\documentclass[11pt]{scrartcl}
\usepackage{evan}
\begin{document}
\title{IMO 1998/3}
\subtitle{Evan Chen}
\author{Twitch Solves ISL}
\date{Episode 94}
\maketitle
\section*{Problem}
For any positive integer $n$,
let $\tau(n)$ denote the number of its positive divisors (including $1$ and itself).
Determine all positive integers $m$ for which
there exists a positive integer $n$ such that
\[ \frac{\tau(n^{2})}{\tau(n)}=m. \]
\section*{Video}
\href{https://www.youtube.com/watch?v=mKfgxyfdn2w&list=PLi6h8GM1FA6yHh4gDk_ZYezmncU1EJUmZ}{\texttt{https://youtu.be/mKfgxyfdn2w}}
\section*{External Link}
\url{https://aops.com/community/p124439}
\newpage
\section*{Solution}
The answer is odd integers $m$ only.
If we write $n = p_1^{e_1} \dots p_k^{e_k}$ we get
\[ \prod \frac{2e_i+1}{e_i+1} = m. \]
It's clear now that $m$ must be odd,
since every fraction has odd numerator.
We now endeavor to construct odd numbers.
The proof is by induction, in which we are curating sets of
fractions of the form $\frac{2e+1}{e+1}$ that multiply
to a given target.
The base cases are easy to verify by hand.

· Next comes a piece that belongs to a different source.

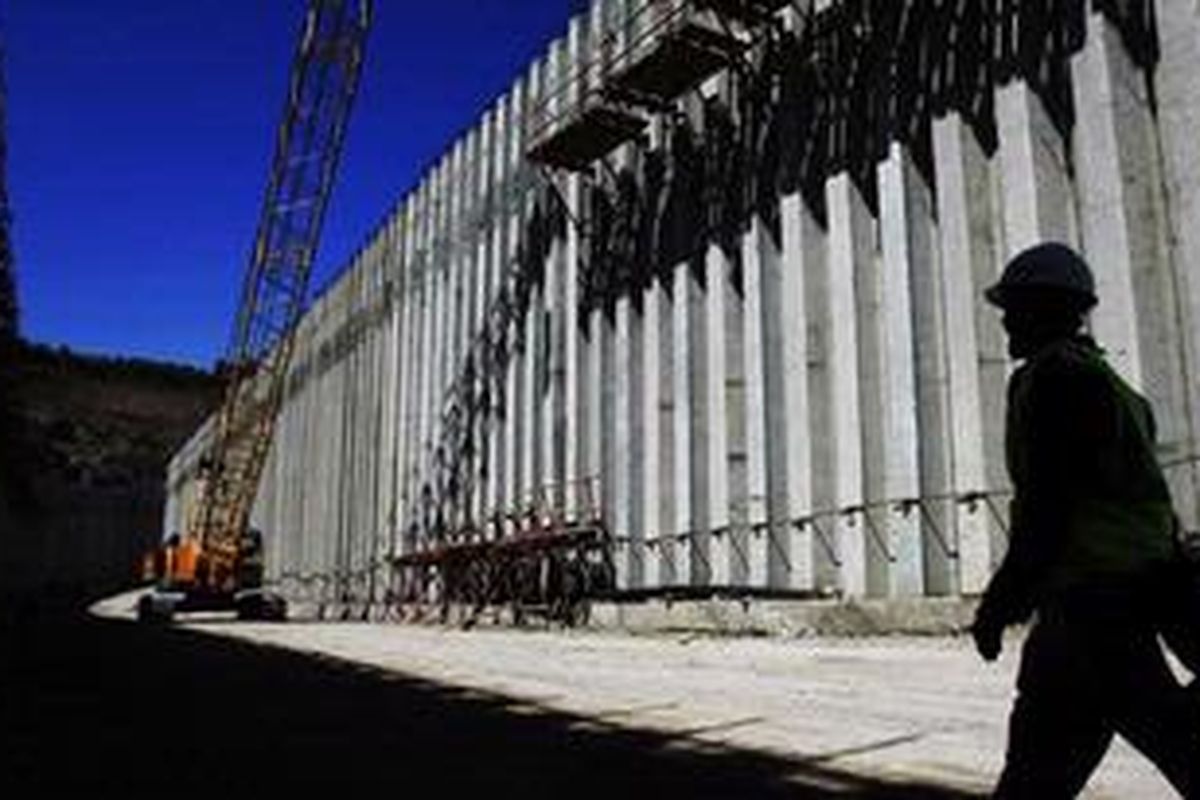 Suasana Jalan Lingkar Nagreg. Jalan semiterowongan sepanjang 5,4 kilometer selain berfungsi mengurai kemacetan selama arus mudik dan arus balik, juga menjadi ruang pamer bagi inovasi rekayasa teknis Indonesia. 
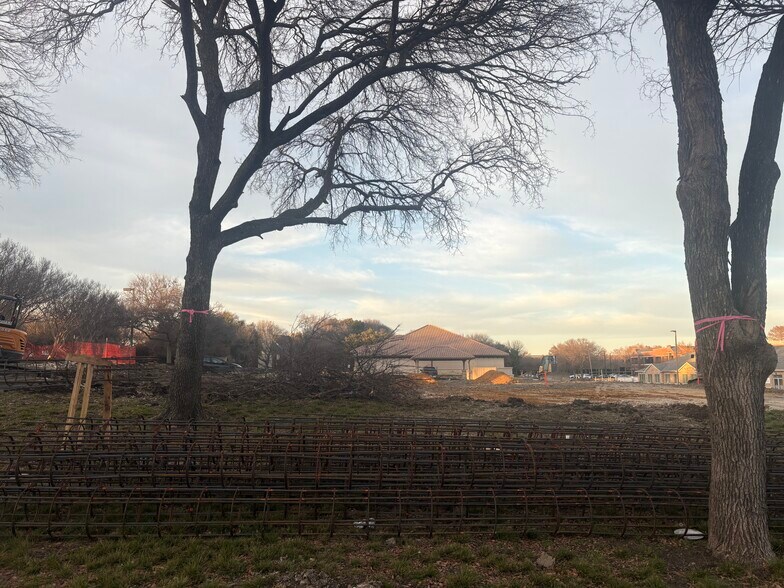 More Photos Of 4691 Old Shepard Pl, Plano Office For Sale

Generally, assume $p = 2^t k - 1$ is odd, where $k$ is odd.
Then we can write
\[
\frac{2^{2t}k-2^t(k+1)+1}{2^{2t-1}k-2^{t-1}(k+1)+1}
\cdot
\frac{2^{2t-1}k-2^{t-1}(k+1)+1}{2^{2t-2}k-2^{t-2}(k+1)+1}
\cdot \dots \cdot
\frac{2^{t+1}k-2(k+1)+1}{2^tk-2^0(k+1)+1}.
\]
Note that $2^{2t}k-2^t(k+1)+1 = (2^t k - 1)(2^t - 1)$,
and $2^t k - k = k(2^t-1)$, so the above fraction simplifies to
\[ \frac{2^t k - 1}{k} \]
meaning we just need to multiply by $k$,
which we can do using induction hypothesis.
\end{document}